YOUR INSTRUCTIONS →
Your response must be made up of each line in the data below that contains the string "with".

※ ※ ※

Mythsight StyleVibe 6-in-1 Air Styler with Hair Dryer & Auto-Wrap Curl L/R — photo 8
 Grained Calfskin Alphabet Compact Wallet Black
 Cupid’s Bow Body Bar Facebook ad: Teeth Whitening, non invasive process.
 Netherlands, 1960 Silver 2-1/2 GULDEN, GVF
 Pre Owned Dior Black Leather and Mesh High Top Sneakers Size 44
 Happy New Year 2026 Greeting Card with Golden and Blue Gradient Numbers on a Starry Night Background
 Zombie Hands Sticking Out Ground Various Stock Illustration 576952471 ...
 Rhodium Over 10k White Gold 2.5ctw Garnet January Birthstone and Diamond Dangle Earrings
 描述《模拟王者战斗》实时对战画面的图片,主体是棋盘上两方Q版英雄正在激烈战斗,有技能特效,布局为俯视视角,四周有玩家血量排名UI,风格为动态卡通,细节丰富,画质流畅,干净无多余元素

※ ※ ※

PROBLEM SOLUTION →
Mythsight StyleVibe 6-in-1 Air Styler with Hair Dryer & Auto-Wrap Curl L/R — photo 8
 Happy New Year 2026 Greeting Card with Golden and Blue Gradient Numbers on a Starry Night Background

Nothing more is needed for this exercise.